3. Convolutions

We can extract local features.
Linear operations with shared weights.
Translation-equivariant.
- Can find the same object in different parts of the image.
- Not rotation-equivariant.
- Not scale-equivariant, if we change the resolution, we need to change the weights.
Global look over the image is possible in the deeper layers where the receptive field is larger.
Very efficient parameter-wise.
Kerenel size is an odd number, can have hight and width different.
Stride is the step size of the kernel.
Amout of pixels added to the edge of the image is called padding.

\[ \text{output size} = \frac{W - F + 2P}{S} + 1 \]
Popular options
- k=1, s=1, p=0 pointwise convolution. Processing each pixel independently keeping the dimensions. Used to reduce the number of channels.
- k=3, s=1, p=1 standard convolution.
- k=3, s=2, p=1 downsampling. Halving the dimensions.
- k=7, s=4, p=3 upsampling. Spatial size is decreased by 4.

3.0.1. Max Pooling

Works channel-wise independently.
In a kernel size it takes the maximum value.
We have to keep track of the indices to backpropagate.
Usually k=2, s=2, p=0.
Only a quarter of the input gets a gradient. Reason why it is not used anymore.
If there is a tie both values get the gradient.

3.0.2. Average Pooling

Averages the values in the kernel.
!! Works channel-wise independently. !! Different from the convolution that works channel-wise together.
Usually k=2, s=2, p=0.

3.0.3. Special Convolutions

Depthwise convolution. Special case of convolution where each channel is processed independently with a different kernel.
Global Max Pooling. Takes the maximum value of the whole feature map.
Upsample
- Nearest neighbor. Just repeats the pixels.
- Bilinear. Takes the average of the 4 nearest pixels.
- Bi-cubic. Takes the average of the 16 nearest pixels.
- Dosn’t have learnable parameters.
Transposed convolution. Upsampling with learnable parameters.
- Also called fractionally strided convolution. Adds zeros between the pixels and to the edges.
- Not the same as deconvolution or inverse convolution.
Dilated convolution. Increases the receptive field without increasing the number of parameters.
- Also called atrous convolution.
- The kernel is applied to every n-th pixel.
- The receptive field is increased by a factor of n.
- Used in the encoder part of the U-Net.

3.0.4. Receptive Field

Receptive filed is the area of the input image that affects the output of a neuron. For layer l:

\[ r*l = r*{l-1} + (k*{l} - 1)\prod*{i=1}^{l-1} s_i \]

Its a tuple (height, width).

3.0.5. Handcrafted Kernels

Don’t need to remember the values, just the concept.

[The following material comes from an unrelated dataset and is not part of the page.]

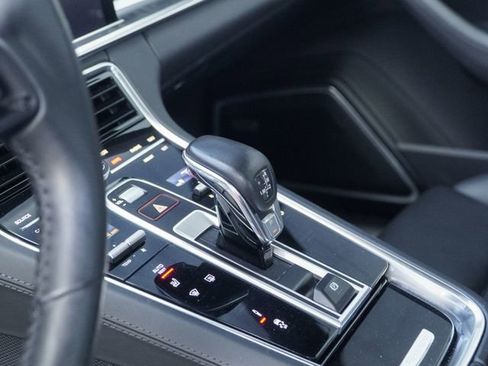 Certified 2022 Porsche Panamera GTS image 27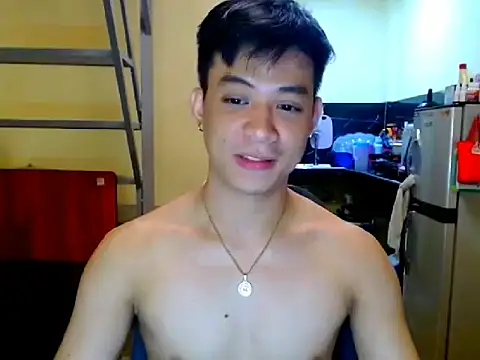 Snapshot of ASIANFULLYLOADEDCUM chatting on April 19, 2026, 6:10 pm ASIANFULLYLOADEDCUM online show from April 19, 2026, 6:10 pm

!! Each kernel also has a bias term. !!

3.1. Questions

How can we represent a FC layer with 5 output neurons with a convolutional layer, over an image in a batch of size 4 × 3 × 8 × 8? And with 1x1 Convolution?
- Convolution with 5 filters and kernel size 8x8. The weight dimensions would be (5, 3, 8, 8). The output shape would be (4, 5, 1, 1).
- With a 1x1 convolution we would reshape the input to (4, 3x8x8) and use a kernel of size 5x192. The output shape would be (4, 5).
Given a 1 × 1 convolutional layer with input tensor of 10 channels, that outputs a tensor with 5 channels.
1. Write the shape of the weight matrix.
- The shape of the weight matrix would be (5, 10, 1, 1).
1. State the number of parameters in the layer.
- The number of parameters would be 55 (5x10 + 5).
Give two reasons to use a convolution or a pooling layer that reduce the spatial size of the input tensor.
- Reduces the number of parameters and computational cost. Allowing the network to be deeper.
- Compression of the feature map, focusing on the most important features.
Does reducing the spatial size throughout the network reduce the number of parameters in the down-the-stream convolutional layers?
- No, the number of parameters depends on the kernel size and the number of channels.
Does reducing the spatial size throughout the network reduce the number of parameters in the down-the-stream FC layers?
- Yes, here the tensor is flattened and the number of parameters is reduced.
State two differences between a convolutional layer and a pooling layer.
- Convolutional layers have learnable parameters.
- Pooling layers work channel-wise independently.
Assume a fully convolutional model for some task:
1. Can we feed the model with images that are double the resolution of the original training set? Yes, we can but the prediction will be bad since the model was trained on a different resolution.
2. Can we expect in such case the same performance?
- No, the model was trained on a different resolution.
Can we apply a pooling layer without reducing the spatial size of the input tensor?
- Yes, by using a pooling layer with a kernel size and stride of 1 and padding 1.
Assume that when using maxpool with (k = 2, s = 2, p = 0), where only a single entry in a given window holds the maximum value in that window. How many of the total pixels in the tensor would get a live gradient? What is the value of said gradient?
- Only 1/4 of the pixels would get a live gradient, and the value would be 1.
State one advantage and one disadvantage of a 1 × 1 convolution over a 3 × 3 convolution.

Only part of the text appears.